The then Archbishop Ó Fiaich condemned the conditions under which the prisoners were being held:

“Having spent the whole of Sunday in the prison, I was shocked at the inhuman conditions prevailing in H-Blocks 3, 4 and 5 where over 300 prisoners were incarcerated. One would hardly allow an animal to remain in such conditions, let alone a human being. The nearest approach to it that I have seen was the spectacle of hundreds of homeless people living in sewer pipes in the slums of Calcutta.”

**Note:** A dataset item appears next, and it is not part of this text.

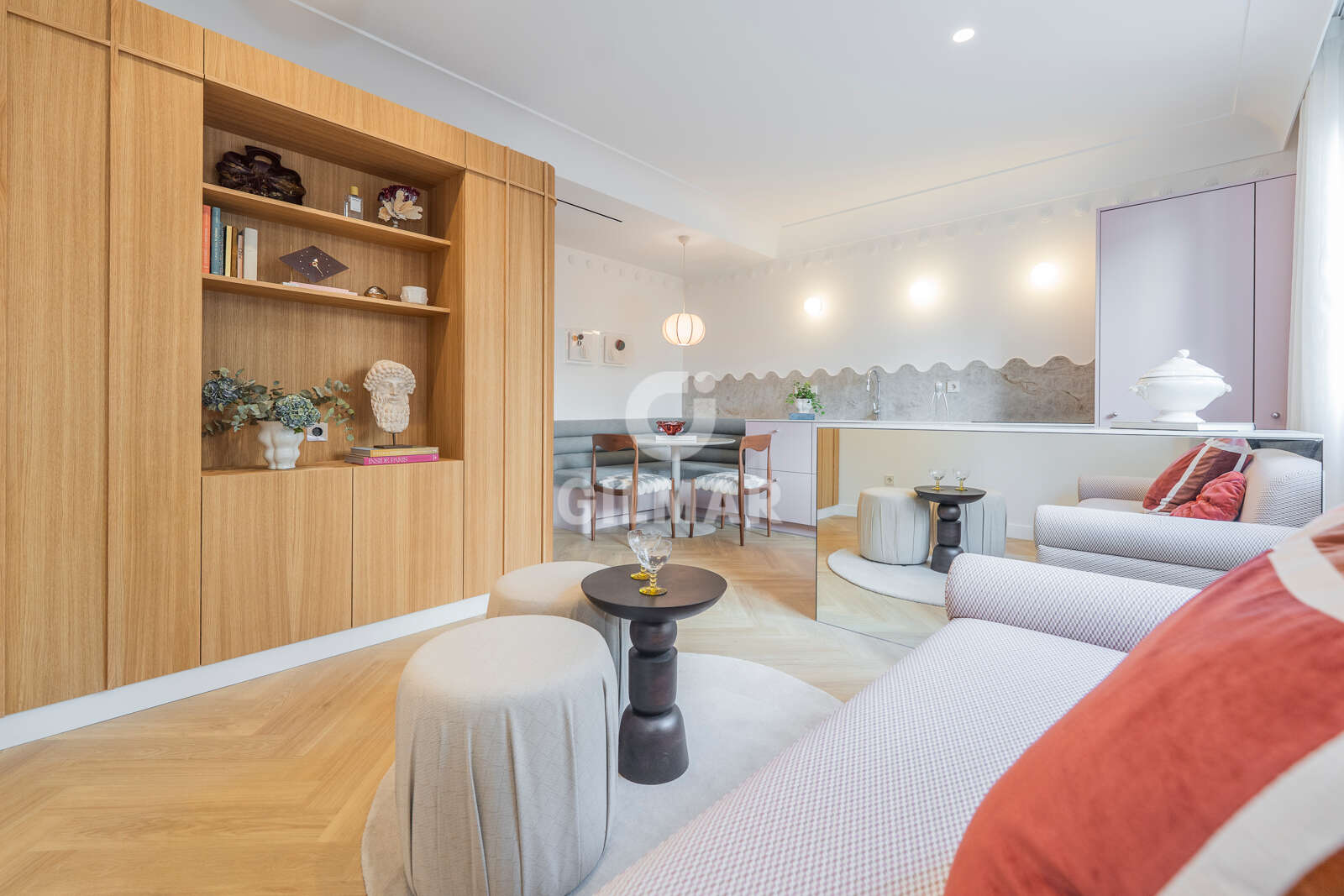 Property slider Gilmar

The Sagart and I had many discussions about the conflict, its causes and how it might be ended. Out of those conversations emerged a commitment to dialogue as the first necessary step. In the early 1980s, we tried to commence a process of engagement with the Catholic Hierarchy, the SDLP, and the Irish and British governments. The breakthrough came after Fr Reid wrote a letter to John Hume on 19 May 1986. John phoned the monastery the next day and he arrived at Clonard on 21 May.

Towards the end of 1987, we decided that John and I would begin party-to-party meetings. The Sagart formally wrote to both of us as “an interested third party” inviting Sinn Féin and the SDLP to “explore whether there could be agreement on an overall nationalist strategy for justice and peace”. He presented us with a paper entitled A Concrete Proposal for an Overall Political Strategy to Establish Justice and Peace in Ireland.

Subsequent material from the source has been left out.